I realize not everyone will agree with this, but this is how I feel about this issue. So while I recommend The Soloist as a good film, and a touching story, I have to say, it doesn't tell the entire truth of the situation, and it left out some really vital pieces of information. It left out the way that a person might try to kill himself or herself because of psychosis. It left out that many people when psychotic become the victims of crimes, such as rape or robbery, it doesn't show the people who die on the streets and it doesn't show the upside to all of this, which is the simple, amazing way in which treatment can help people. Treatment with the proper medication can simply transform a person's life from a nightmare of living on the streets to a steady, hopeful, happy existence. And to ignore that fact is to do a great disservice to people with mental illnesses. That is my opinion on this.

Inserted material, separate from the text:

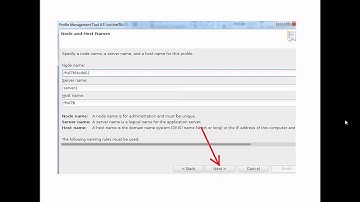 IBM WebSphere Application Server Base installing 3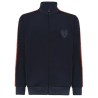 Sudadera Lamborghini Swinger Logo Hombre Azul Marino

  1. I just found out that, on top of everything else, Jamie Foxx has also won a couple of Grammys, that guy must be busy

  2. I agree with you, having been there myself.

    As much as i HATE hospital, I do believe it is the safest place for me to be when I am psychotic.

  3. I haven't seen the movie yet, but would like to. At least it is bringing the issue of severe mental illness and homelessness to the forefront for a little while. Any film that portrays the mentally ill as sensitive and human is a good step in the right direction.

    About forcing people to take their medications, you may be right, but it's a tricky situation. I've often said it took me 3 years and 3 break downs to get to the point where I would commit to taking the anti-psychotic medications and you're right before then it was hellish and why did I put myself through that? But then the medications were not an instant cure. It seemed like it took years to feel better, but eventually I did and I know I am one of the lucky ones.

    I really believe that it is the stigma attached to mental illness that stops people from taking the medications and that is heartbreaking. And for me, the expense of it was outrageous that I didn't want to get the meds. I mean close to $1000 a month for one med (zyprexa) is outrageous. I finally got health insurance, but my family is still paying $12,000 a year for it. It makes me feel ill that the pharmaceutical companies place profit over human decency. I really do believe that people with severe mental illness deserve to get their meds free or at greatly reduced prices. People just don't understand the torment of psychosis.